Without the pictures, copy all of the data exactly.

START LISTED ENTRIES

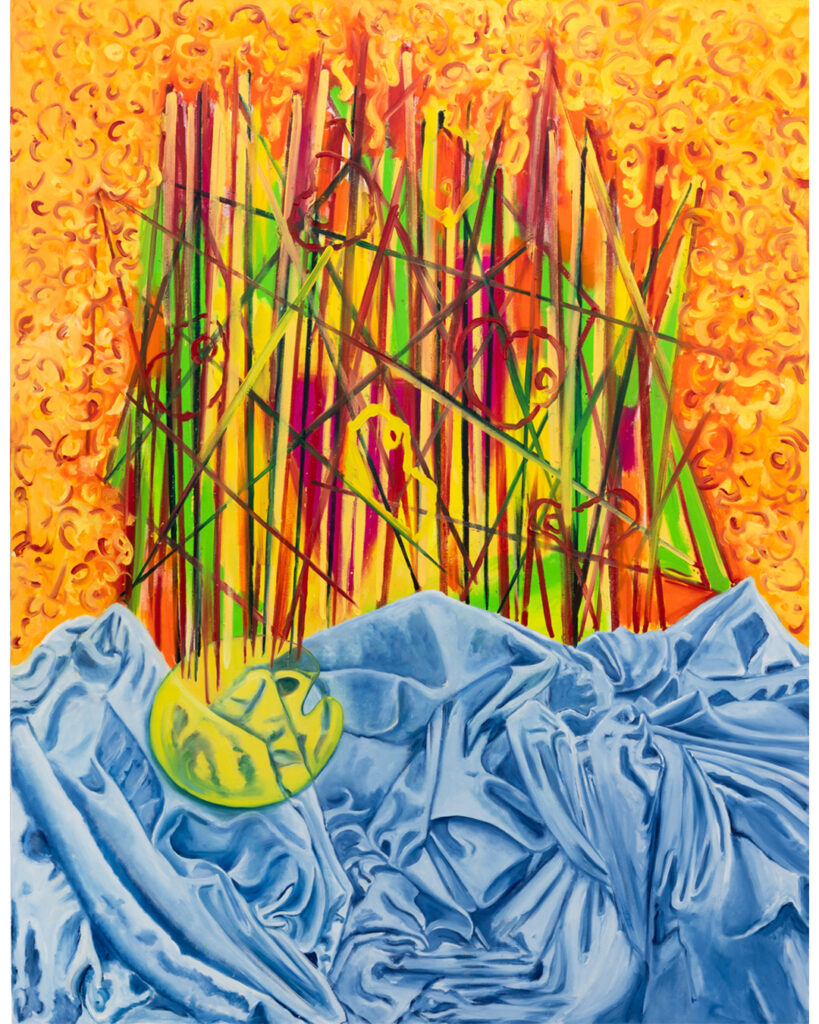Ölmalerei, painting von Ulrike Muenchhoff; Titel: Ghostship IV, Fata Morgana, 2025, 1,90x 2,40 m, hochformatig; zu sehen sind helle und dunkelfarbige unregelmäßig gesetzte Strich- und Flächenfolgen vor orange-magentafarbenem Hintergrund. Diese erscheinen wie schwebend über einem schimmernd-blauem Faltenwurf der Wasserwellen assoziieren lässt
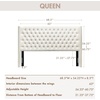 Madison Park Queen Wingback Upholstered Tufted Headboard, Featuring High-Density Sponge Padding, Adjustable Height Headboard, Easy Assembly, Beige Woven(Beige Velvet)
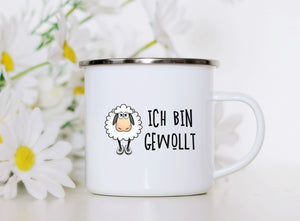 Emaille Tasse schaf ich bin gewollt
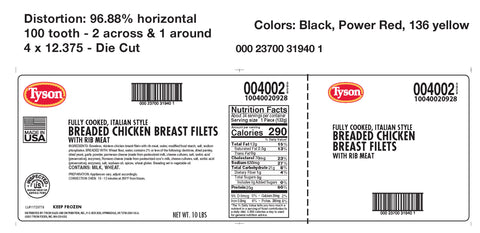 Tyson Italian Natural Chicken Breast Fillet, 4.7 Ounce -- 34 per case.
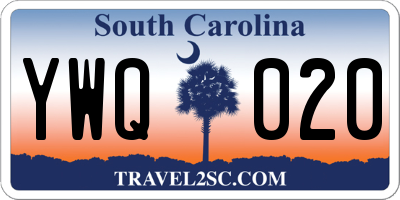 SC license plate YWQ020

END LISTED ENTRIES

**YOUR SOLUTION:**
Ölmalerei, painting von Ulrike Muenchhoff; Titel: Ghostship IV, Fata Morgana, 2025, 1,90x 2,40 m, hochformatig; zu sehen sind helle und dunkelfarbige unregelmäßig gesetzte Strich- und Flächenfolgen vor orange-magentafarbenem Hintergrund. Diese erscheinen wie schwebend über einem schimmernd-blauem Faltenwurf der Wasserwellen assoziieren lässt
 Madison Park Queen Wingback Upholstered Tufted Headboard, Featuring High-Density Sponge Padding, Adjustable Height Headboard, Easy Assembly, Beige Woven(Beige Velvet)
 Emaille Tasse schaf ich bin gewollt
 Tyson Italian Natural Chicken Breast Fillet, 4.7 Ounce -- 34 per case.
 SC license plate YWQ020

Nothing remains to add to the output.